31/07/2026
«Dottoressa, mia moglie è depressa.»
Ci sono telefonate che non dimentico.
«Dottoressa, la chiamo per mia moglie. Sta malissimo. Piange sempre. Non ha più voglia di fare nulla. Non cucina, non esce, non sorride. Abbiamo un figlio e lei non riesce più nemmeno ad occuparsi di lui. Ho paura che sia una depressione.»
La voce era quella di un marito apparentemente premuroso. Di quelli che sembrano fare di tutto per la donna che hanno accanto.
Fissammo un appuntamento.
Entrarono insieme nel mio studio.
Lui si sedette e iniziò a parlare.
Parlava senza fermarsi.
Raccontava la sua versione dei fatti con dovizia di particolari.
Lei, invece, rimaneva in silenzio.
Ogni tanto provava ad aprire bocca.
«No, amore... lascia spiegare a me.»
Ogni frase iniziata da lei veniva interrotta da lui.Ogni tentativo di raccontarsi veniva sostituito dalla sua voce.Lei abbassava gli occhi.
Stringeva le mani.
E, a un certo punto, scoppiò a piangere.
Non era il pianto rumoroso della disperazione.
Era il pianto di chi si è consumato lentamente.
Di chi ha smesso perfino di difendersi.
Chiesi gentilmente al marito di aspettarmi fuori qualche minuto.
La porta si chiuse.
E davanti a me comparve un'altra donna.
«Dottoressa... io non sono sempre stata così.»Cominciò a raccontare.
«Mi controlla continuamente. Mi chiede dove vado, con chi parlo, quanto tempo impiego. Mi telefona in continuazione. Ha messo telecamere. Conta perfino quante volte esco. Critica tutto quello che faccio. Come cucino, come pulisco, come mi vesto, come faccio la madre. Se sorrido, sbaglio. Se parlo, sbaglio. Se sto in silenzio, sbaglio.»
Ogni giorno una critica.
Ogni giorno un sospetto.
Ogni giorno un pezzo della sua autostima che andava perduto.
E allora capii.
Quella donna non era diventata triste per caso.
Non era il cervello ad essersi ammalato per primo.
Era il suo cuore ad essere stato ferito ogni giorno.
Goccia dopo goccia.
Per anni.
Quando il marito rientrò era sicuro che gli avrei dato ragione.
Mi guardò come chi aspetta una conferma.
Lo guardai negli occhi e gli dissi con molta calma:«Sua moglie soffre, questo è evidente. Ma oggi la persona che mi preoccupa di più è lei. Controllare, sorvegliare, sospettare, limitare la libertà di una persona, voler decidere ogni suo movimento non è amore. È un comportamento patologico che merita una valutazione specialistica.»
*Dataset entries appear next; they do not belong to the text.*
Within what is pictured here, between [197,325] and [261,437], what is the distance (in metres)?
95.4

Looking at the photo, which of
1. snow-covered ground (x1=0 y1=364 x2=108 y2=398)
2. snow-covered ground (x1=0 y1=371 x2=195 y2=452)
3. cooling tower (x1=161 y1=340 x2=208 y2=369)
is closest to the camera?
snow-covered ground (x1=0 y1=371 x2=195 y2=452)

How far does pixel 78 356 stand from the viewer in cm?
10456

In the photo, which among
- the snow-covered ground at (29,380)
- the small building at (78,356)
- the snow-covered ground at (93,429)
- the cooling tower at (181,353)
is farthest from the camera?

Per qualche secondo nello studio calò un silenzio assoluto.
Lui rimase senza parole.
Lei, invece, per la prima volta dall'inizio della visita, alzò lo sguardo.
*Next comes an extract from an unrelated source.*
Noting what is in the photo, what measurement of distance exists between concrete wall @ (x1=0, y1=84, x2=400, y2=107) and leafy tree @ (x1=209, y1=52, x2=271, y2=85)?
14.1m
In oltre trent'anni di professione ho imparato una cosa.
Mai fermarsi alla prima versione.
Mai credere che il malato sia sempre quello indicato da chi accompagna.
Perché in psichiatria il paziente designato è spesso soltanto la persona che porta addosso le ferite.
E, qualche volta, la vera malattia non è in chi piange.
È in chi, giorno dopo giorno, ha spento il sorriso dell'altro.